Whatever we chose, Laura decided early on that we wouldn’t tell anyone until after the baby was born. She didn’t want our selection to be criticized or second-guessed by friends and family, as often occurs. By keeping the name a secret, Laura hoped to eliminate any opportunity for debate until it was too late – once the child is born and officially named by his parents, who would dare quibble with us?

The logic sounded reasonable, at first, but it turns out that there are a lot of people who really want to know what our son’s name will be. They have tried, through straightforward questioning and downright trickery to get us to reveal the name. “I want to monogram his gift,” they said. Or a simple, “so, what’s the baby’s name?” interjected into an entirely unrelated conversation. It was as though our friends and family had turned into starving dogs, and Laura and I had the last soup bone left on the planet. Well, in these final days, our collective resolve has weakened. We’ve decided that there is no harm in revealing the name now, but no one — be they blood or not — will convince us to change the name we so painstakingly selected.

The time between four home pregnancy tests returning positive results and the ultrasound was filled with baby conversations. At first, Laura wasn’t absolutely convinced that there was a person growing inside her, but that didn’t stop us from talking about it. A day or two before the ultrasound, we were having dinner at The San Francisco Oven and we returned to the subject of names. We both threw out a few suggestions, but nothing stuck. The difficulty of finding the perfect combination of first and middle names that would resonate with our respective families was proving all but impossible to overcome. We mulled over middle names starting with our fathers and my mother (Laura’s mother has no middle name), then going back to grandparents, great-grandparents, and so on. Laura has spent significant time researching her genealogy over the last few years, so she had a lot of names to choose from, whereas my knowledge of my own family tree only goes back a few generations.

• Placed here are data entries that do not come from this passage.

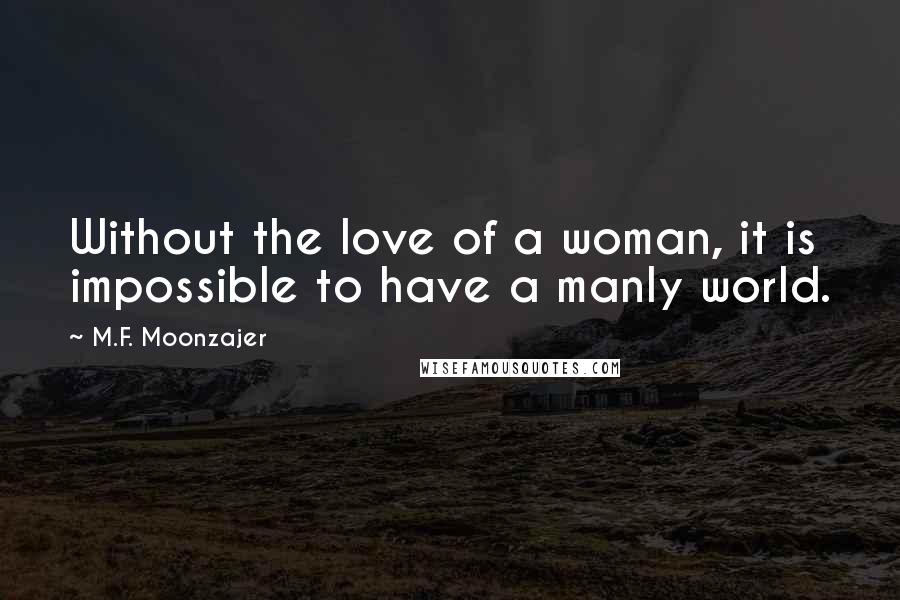 M.F. Moonzajer Quotes: Without the love of a woman, it is impossible to have a manly world.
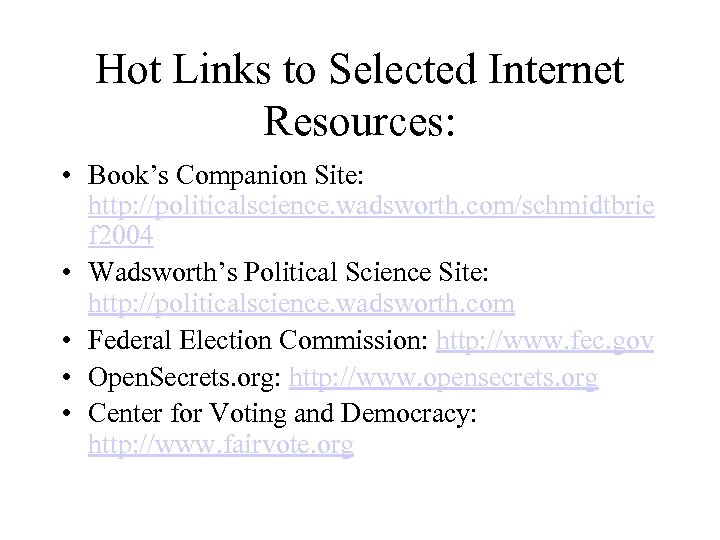 Hot Links to Selected Internet Resources: • Book’s Companion Site: http: //politicalscience. wadsworth. com/schmidtbrie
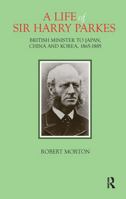 A Life of Sir Harry Parkes: British Minister to Japan, China and Korea, 1865-1885 1041175019 Book Cover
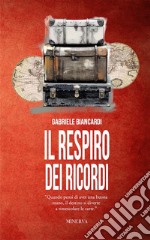 Il respiro dei ricordi. Nuova ediz. libro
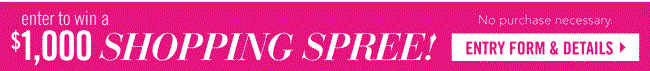 Enter to win a $1000 SHOPPING SPREE No Purchase Necessary ENTER FORM & DETAILS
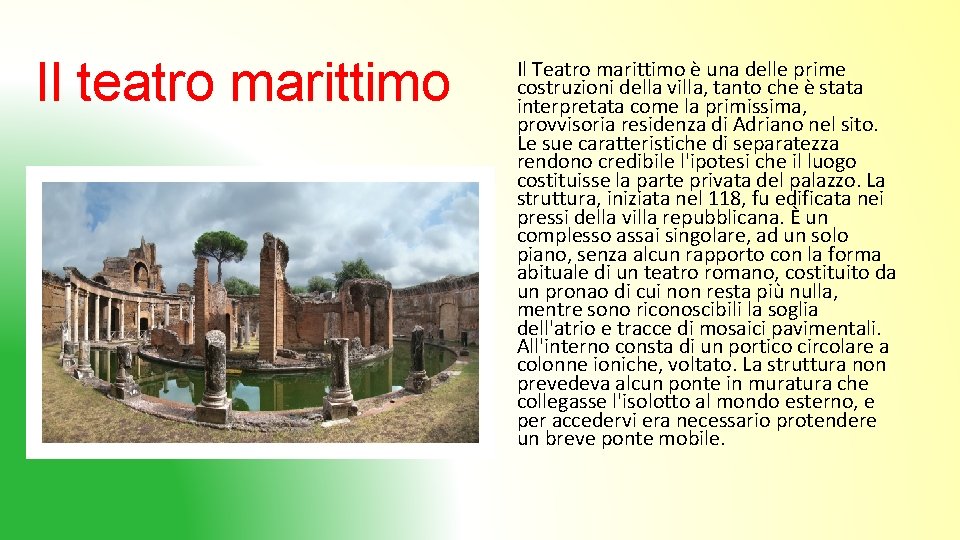 Il teatro marittimo Il Teatro marittimo è una delle prime costruzioni della villa, tanto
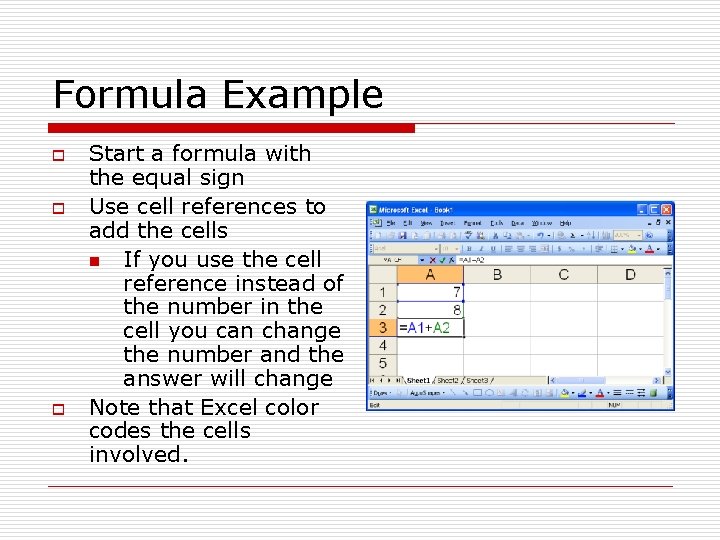 Formula Example o o o Start a formula with the equal sign Use cell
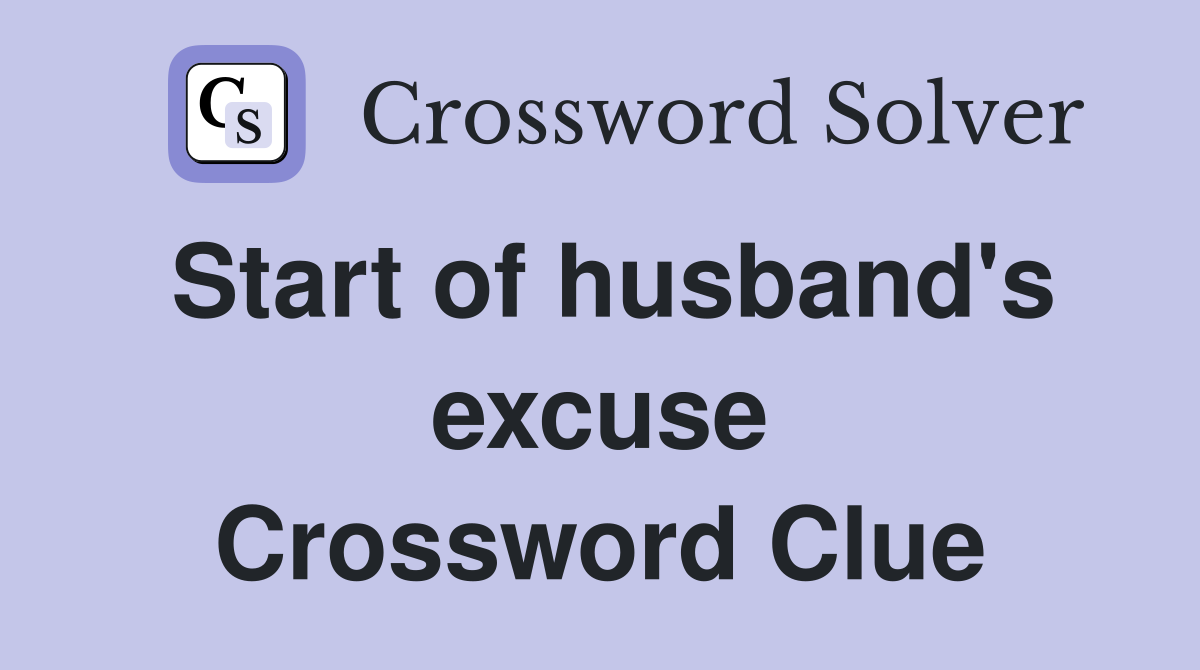 Start of husband's excuse Crossword Clue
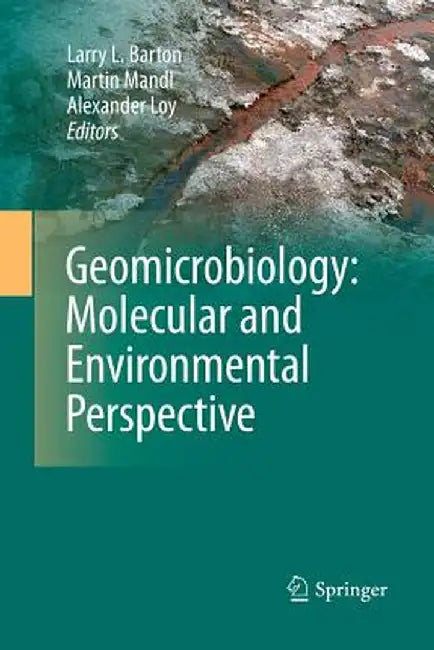 Geomicrobiology: Molecular and Environmental Perspective by Alexander Loy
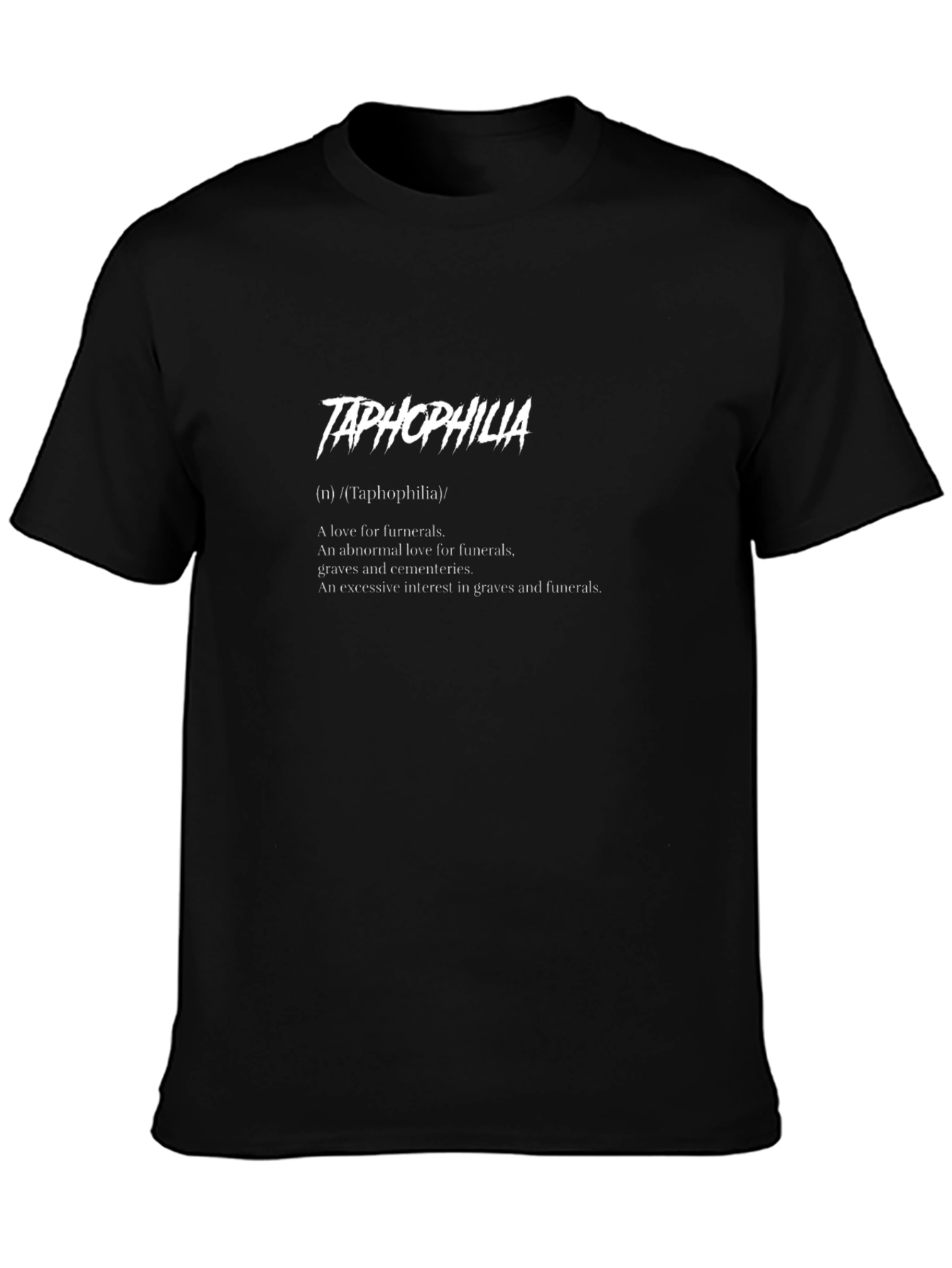 Taphophilia Definition Graphic T-Shirt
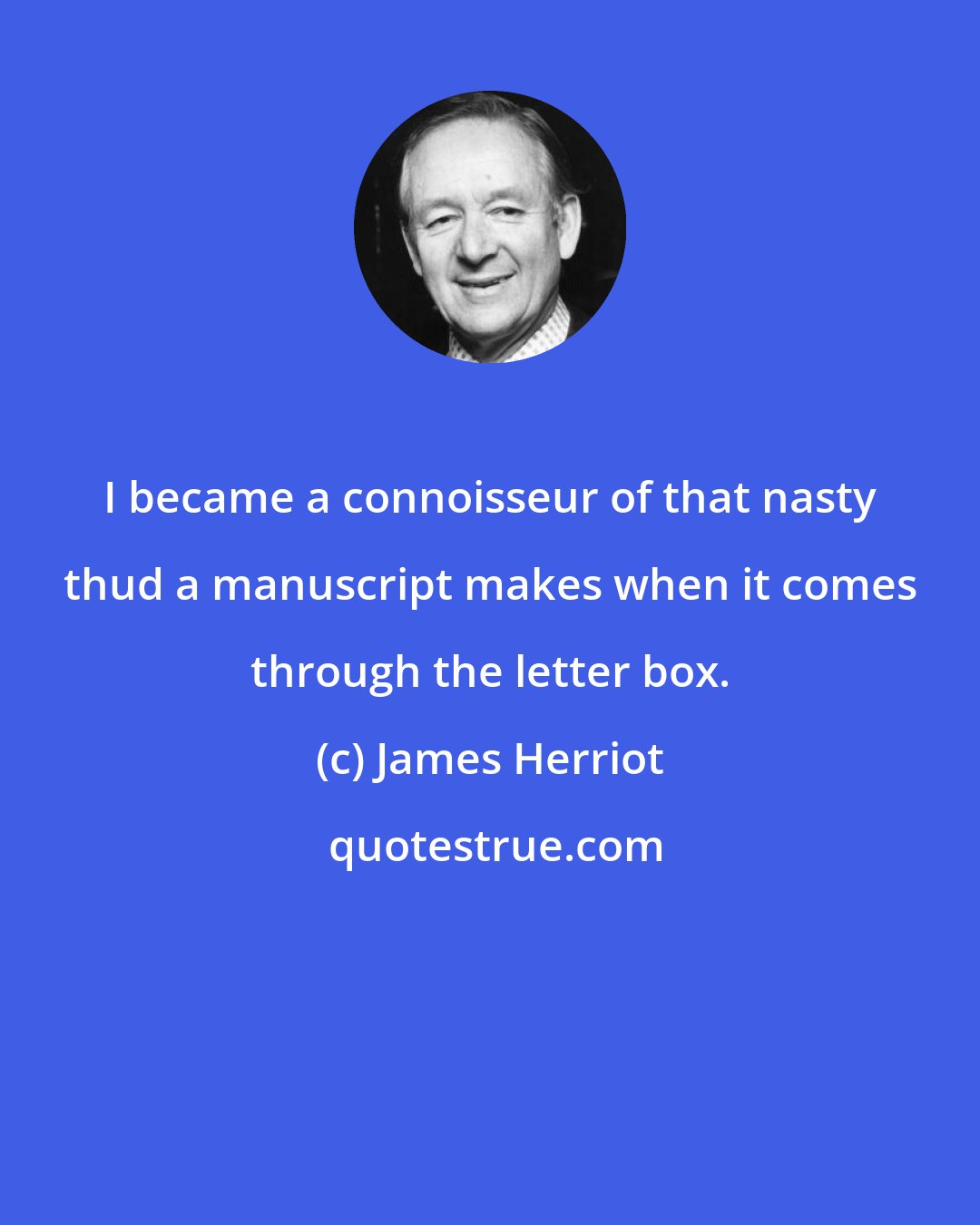 James Herriot: I became a connoisseur of that nasty thud a manuscript makes when it comes through the letter box.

After a good deal of discussion and a fair amount of frustration, we started over with yet another interesting strategy. We’d heard of some couples combining their first names to form an entirely unique name — an acquaintance named “Jonobie” (whose name is a combination of “Jon” and “Obie,” both of which I’m probably spelling incorrectly [EDIT: See comments for correct spelling.]) comes to mind. Also, Laura had a friend in grade school named “Rhonda” whose parents were Ron and Linda. Alas, “Laura” and “Kris” don’t easily combine to form anything. Once again, we traversed our family trees to see if some combination would create something that we liked. Unfortunately, nothing was working. “Zorandra” and “Wilhold” (i.e., Zoraida/Sandra, Wilhart/Harold) and the dozen or so other namemorphs we came up with sounded like monikers from a bad science fiction movie or, even worse, a Dungeons & Dragons gaming manual.

We realized with great frustration that naming our firstborn would require us to stretch the limits, consider a new paradigm, perhaps even think outside the box. Eventually, we posed this key question: aside from ethnic heritage, what is an important cultural influence common to both families from which we could draw much-needed inspiration? And for the answer we needed to look no further than the two women who had given each of us life. In the end, it was our own mothers’ true musical passion that finally provided us with the perfect name combination for our son. An uncommon name? Yes. Unusual? Certainly. But — without doubt — we have chosen a name worthy and befitting the shared grandson of Sandra Johnson and Zoraida Sperry.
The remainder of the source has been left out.